— Required action —
Beginning with the first line of the entries below, quote each line until you reach and include the line with "Fototapeta premium Confident".
□ □ □ □
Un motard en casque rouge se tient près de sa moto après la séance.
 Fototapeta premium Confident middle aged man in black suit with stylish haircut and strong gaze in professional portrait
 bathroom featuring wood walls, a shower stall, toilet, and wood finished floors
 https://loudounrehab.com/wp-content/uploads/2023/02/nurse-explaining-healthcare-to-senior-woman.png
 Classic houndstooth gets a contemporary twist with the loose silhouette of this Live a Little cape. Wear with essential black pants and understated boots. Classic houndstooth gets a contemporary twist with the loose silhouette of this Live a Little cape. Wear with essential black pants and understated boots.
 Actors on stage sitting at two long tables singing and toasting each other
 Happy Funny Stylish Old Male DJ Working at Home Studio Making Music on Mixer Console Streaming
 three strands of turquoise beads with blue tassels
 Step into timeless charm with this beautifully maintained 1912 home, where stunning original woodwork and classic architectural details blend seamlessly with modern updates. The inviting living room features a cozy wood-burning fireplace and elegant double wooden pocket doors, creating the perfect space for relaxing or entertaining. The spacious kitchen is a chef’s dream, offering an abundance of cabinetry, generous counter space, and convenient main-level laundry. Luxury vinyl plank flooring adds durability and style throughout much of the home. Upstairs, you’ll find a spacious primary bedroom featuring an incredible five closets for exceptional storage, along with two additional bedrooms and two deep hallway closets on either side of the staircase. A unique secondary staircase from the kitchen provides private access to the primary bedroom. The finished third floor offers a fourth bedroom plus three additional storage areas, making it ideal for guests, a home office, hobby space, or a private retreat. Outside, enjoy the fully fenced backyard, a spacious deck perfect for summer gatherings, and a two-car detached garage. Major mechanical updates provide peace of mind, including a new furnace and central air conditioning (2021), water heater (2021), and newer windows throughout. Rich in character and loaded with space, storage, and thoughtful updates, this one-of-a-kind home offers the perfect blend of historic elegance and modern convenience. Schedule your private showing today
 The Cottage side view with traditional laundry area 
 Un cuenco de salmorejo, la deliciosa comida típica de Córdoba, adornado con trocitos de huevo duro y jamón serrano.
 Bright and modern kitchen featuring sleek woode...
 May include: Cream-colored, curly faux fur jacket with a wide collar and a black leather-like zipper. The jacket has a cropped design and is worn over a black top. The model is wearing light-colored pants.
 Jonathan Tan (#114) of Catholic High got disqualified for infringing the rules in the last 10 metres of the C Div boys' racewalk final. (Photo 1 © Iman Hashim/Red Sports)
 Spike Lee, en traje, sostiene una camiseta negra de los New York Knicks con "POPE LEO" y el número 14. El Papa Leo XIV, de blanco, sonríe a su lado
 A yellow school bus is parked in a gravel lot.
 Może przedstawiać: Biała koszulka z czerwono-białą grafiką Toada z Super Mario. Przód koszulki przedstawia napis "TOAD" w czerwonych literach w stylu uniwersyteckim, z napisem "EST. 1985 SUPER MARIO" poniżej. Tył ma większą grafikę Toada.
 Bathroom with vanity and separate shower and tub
□ □ □ □
— Answer for the task —
Un motard en casque rouge se tient près de sa moto après la séance.
 Fototapeta premium Confident middle aged man in black suit with stylish haircut and strong gaze in professional portrait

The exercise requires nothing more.